Wednesday, April 5, 2023

Remembering Dr Vitalicy Chifwepa

 Library and Information Association of Zambia

Dr Vitalicy Chifwepa speaking at a LIAZ event
A few days ago, the library and information fraternity learnt of the untimely death of Dr Vitalicy Chifwepa. Dr Chifwepa was a highly professional and outstanding public servant, citizen and intellectual of our country who both practiced and taught library and information science. He started his career as a librarian in the Planning Division of the Ministry of Agriculture and Water Development, as it was called then. That was after he obtained his Bachelor of Arts Degree in Library Studies at the University of Zambia (UNZA).

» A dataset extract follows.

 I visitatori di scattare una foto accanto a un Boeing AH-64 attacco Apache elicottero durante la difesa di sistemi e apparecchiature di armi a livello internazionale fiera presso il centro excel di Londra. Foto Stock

He proceeded to study for his Master of Library and Information Science at University of Western Ontario, Canada, after which he became a lecturer at the University of Zambia. 

He lectured in the department of Library and Information Science at UNZA from 1991 rising to the rank of Senior Lecturer. He later headed the Department before he was appointed as the Director of Distance Education at UNZA, and later as the University Librarian at the same university from 2008 to 2015. From 2016, Dr Chifwepa had been working as the Director of Quality Assurance at the Higher Education Authority (HEA), the position he held until his death on Tuesday, 29 March 2023. 

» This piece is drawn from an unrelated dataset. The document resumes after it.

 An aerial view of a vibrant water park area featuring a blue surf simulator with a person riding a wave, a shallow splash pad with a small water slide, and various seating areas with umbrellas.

Of his many other accomplishments, Dr Chifwepa also served as the Library and Information Association of Zambia (LIAZ) president, awarded a life member of the association, and mentored many people within and outside his professional circles. 

Dr Chifwepa’s death joins the many luminaries of our country who have gone before him, and whose work has impacted on many people. One after the other, the pioneering leaders of our continuing flight from want to knowledge, for whom the pursuit, production and application of knowledge constituted a way of life, have gone. The never-satisfied fat worm of death has consumed many of our intellectual guides and porters of light.

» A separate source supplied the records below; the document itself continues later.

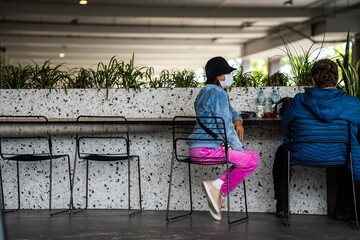 wearing a mask for travel at a cafe at melbourne airport australia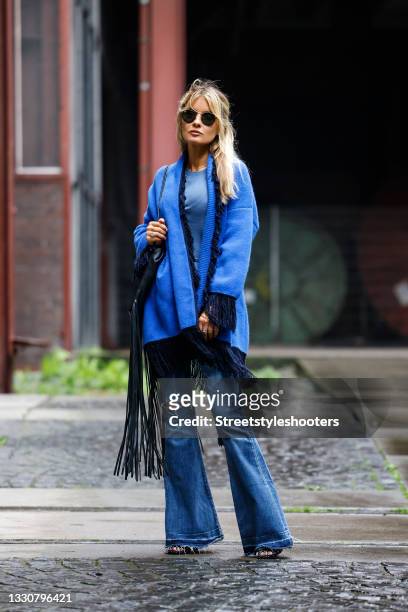 Influencer Gitta Banko wearing a blue cashmere cardigan with fringe detail by Simone Bruns, blue flared and distressed denim jeans pants by Agolde, a...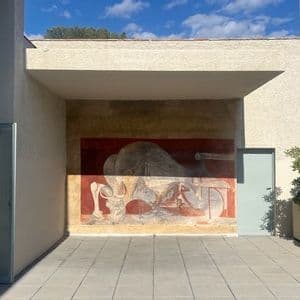 Un murale astratto nei toni del rosso e del grigio sulla parete esterna del patio di un edificio moderno sotto un cielo blu.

Like many others who knew and interacted with Dr Chifwepa, the moving tributes about him that have been read and heard from those who had the chance to experience life with him say a lot about the man. These testimonies demonstrate how, while alive, he touched the lives of others; that what he thought, said and did gave meaning and direction to the lives of many, lived his humanity on his sleeve and constantly challenged and enlisted us, as professionals, as human beings, to reveal or give expression to our inner greatness. Dr Chifwepa often spoke so passionately about the provision of quality library service for our country and his dream for the profession among others was the actualisation of the Library Professional Bill. It was as if he was spurred by the knowledge that the ultimate human legacy and essence of life is service to a given community, to humanity.

Dr Vitalicy Chifwepa
Many others who knew Dr Chifwepa would also agree that he consistently refused to draw attention to his earned and deserved academic credentials, believing, that conduct and sharing of one’s acquired specialist knowledge, not exhibition of one’s titles, is the fitting evidence of one’s education.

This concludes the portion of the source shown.